「…………ア…ティ」

 羨望、劣情、愛情、嫌悪、感謝、謝罪……溢れだし、混沌とした渦を作り出す感情。それらに翻弄され、やっと一言だけ――――――彼女の名を呼んだ。
 伝えたい言葉は他にも沢山あったのだが、とにかく………今は言葉に出来なかった。

 少し擦れた声で……本当に聞き取れるものなのか、自分でも疑問だったが。
 それでも彼女には十分に、その意味が通じたらしい。

 『ぼく』は『僕』を取り戻した。

 彼女は黒水晶のような瞳を見開いて驚いたあと、涙を浮かべた。
 それからゆっくりと、唇は喜びの形を結ぶ。
 きららかに数滴、涙が頬をつたい落ちたとき……彼女もようやく声を出せたのだろう。
 想いを一言に込めて、微笑んだ。

「お帰りなさい……イスラ」



■ □ ■ □ ■ □ ■ □




(これは、失敗だったかもしれないな)

 少しだけ、これまでの生活を振りかえる。

 記憶を失っている間の、夢のような楽園での生活。
 いつも側にいてくれた姉『アズリア』
 毎日のように遊んだ島の子供たち…『友達』
 別け隔てなく、他の生徒と同じように扱ってくれた『せんせい』

 それらは確かに幸福な記憶だった。
 が、角度を変えて見れば……それは完全に『失敗』だったと言えるかもしれない。

(……まったく、冗談じゃないよ)

 ちらりと横に目をやれば、赤毛の女性が無防備な寝顔を晒している。
 妖精の花畑と呼ばれる、マルルゥお気に入りの場所で。まるで物語に出てくるお姫様のように、手を胸の上で組み眠る姿は……大変愛らしくはあるが。

 イスラは諦めにも似た心境で、深くため息をもらした。

(いや、前々から気づいてはいたけど……)

 普通に考えれば、妙齢の女性が若い男と2人っきりの時に…このように無防備に眠りはしないだろう。

 つまり隣で眠る『女性』に、自分は『男性』として見られてはいない、ということだ。

 その事実をまざまざと見せつけられているようで、男としては『寝顔が可愛い』だとか、『柔らかそうな唇』だなぁ……などと、のん気に考えてはいられない。

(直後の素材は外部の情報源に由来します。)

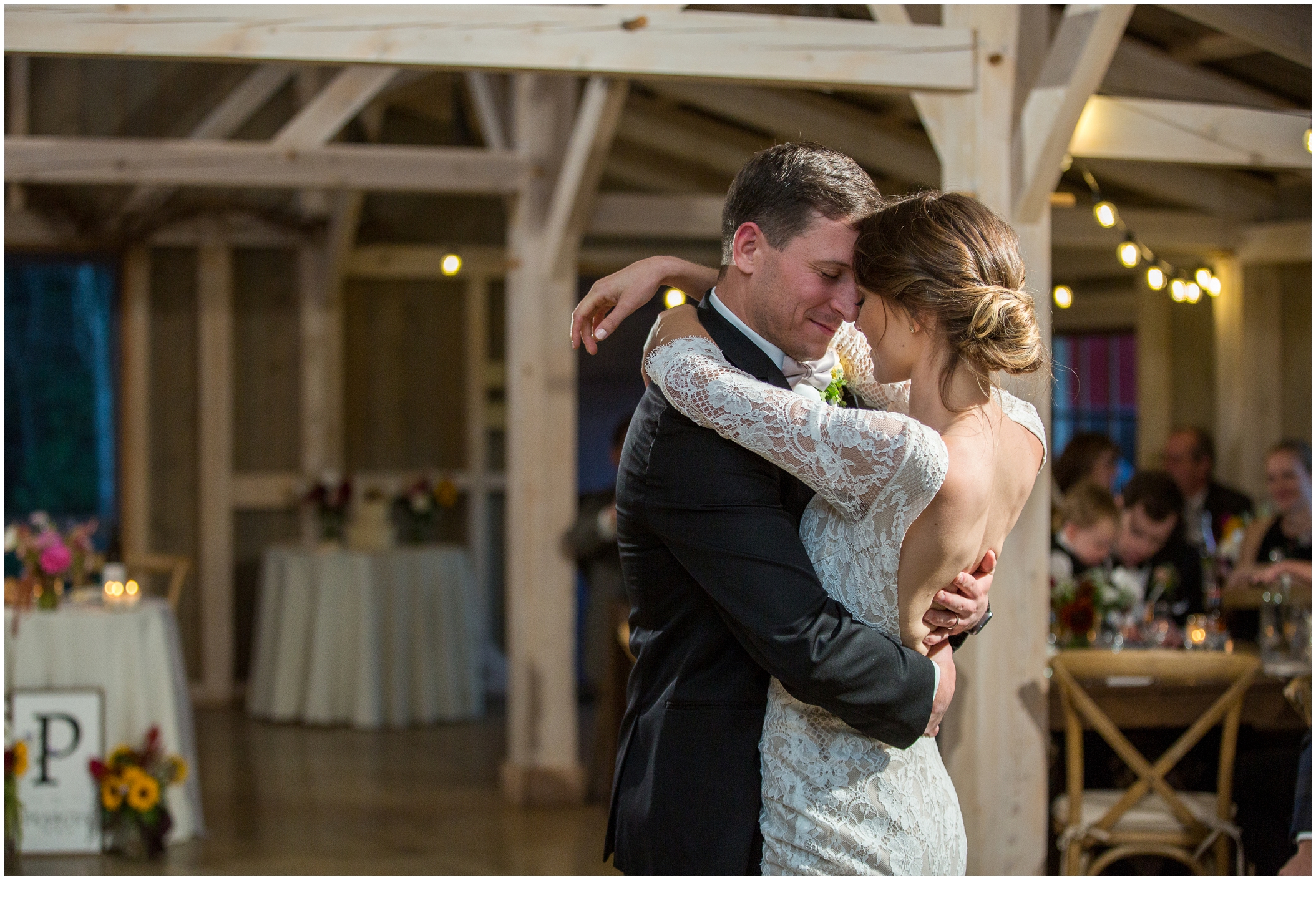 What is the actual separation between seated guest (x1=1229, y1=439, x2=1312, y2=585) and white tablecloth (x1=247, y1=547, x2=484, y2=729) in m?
3.99

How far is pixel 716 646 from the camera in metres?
1.73

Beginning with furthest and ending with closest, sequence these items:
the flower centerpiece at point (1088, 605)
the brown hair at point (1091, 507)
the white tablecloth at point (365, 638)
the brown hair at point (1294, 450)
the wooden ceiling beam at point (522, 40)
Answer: the white tablecloth at point (365, 638) → the brown hair at point (1294, 450) → the brown hair at point (1091, 507) → the flower centerpiece at point (1088, 605) → the wooden ceiling beam at point (522, 40)

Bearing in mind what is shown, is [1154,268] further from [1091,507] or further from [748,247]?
[748,247]

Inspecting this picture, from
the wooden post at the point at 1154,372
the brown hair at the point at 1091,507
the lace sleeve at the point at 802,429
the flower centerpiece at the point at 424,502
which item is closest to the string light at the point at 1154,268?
the brown hair at the point at 1091,507

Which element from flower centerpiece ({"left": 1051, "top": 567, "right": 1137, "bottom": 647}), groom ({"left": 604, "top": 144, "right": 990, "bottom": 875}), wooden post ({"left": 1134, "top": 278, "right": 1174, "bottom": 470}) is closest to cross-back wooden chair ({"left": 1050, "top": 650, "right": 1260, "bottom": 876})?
flower centerpiece ({"left": 1051, "top": 567, "right": 1137, "bottom": 647})

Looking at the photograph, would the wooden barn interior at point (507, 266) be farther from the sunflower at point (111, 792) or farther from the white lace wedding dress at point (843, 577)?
the white lace wedding dress at point (843, 577)

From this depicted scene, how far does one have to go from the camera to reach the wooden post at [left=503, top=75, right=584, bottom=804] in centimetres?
558

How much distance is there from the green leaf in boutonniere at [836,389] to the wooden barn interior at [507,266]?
246 millimetres

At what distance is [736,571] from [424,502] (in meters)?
6.58

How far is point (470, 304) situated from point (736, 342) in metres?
6.89

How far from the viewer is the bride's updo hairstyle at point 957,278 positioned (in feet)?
5.41

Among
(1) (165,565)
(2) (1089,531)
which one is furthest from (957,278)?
(1) (165,565)

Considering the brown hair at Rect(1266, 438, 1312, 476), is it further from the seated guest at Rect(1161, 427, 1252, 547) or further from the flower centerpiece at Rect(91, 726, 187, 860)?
the flower centerpiece at Rect(91, 726, 187, 860)

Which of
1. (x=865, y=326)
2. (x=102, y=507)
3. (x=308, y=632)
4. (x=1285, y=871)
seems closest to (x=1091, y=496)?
(x=1285, y=871)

 漂流者として出会った頃は、いわば最初に発見したことにより発生した『責任者』という関係。
 次ぎに敵対した時は、大切な親友の『弟』。
 そして最後に…これが一番不味かった。記憶を失っている間の『先生』と『生徒』の関係……どちらかと言うと『保護者』に近かった気もする。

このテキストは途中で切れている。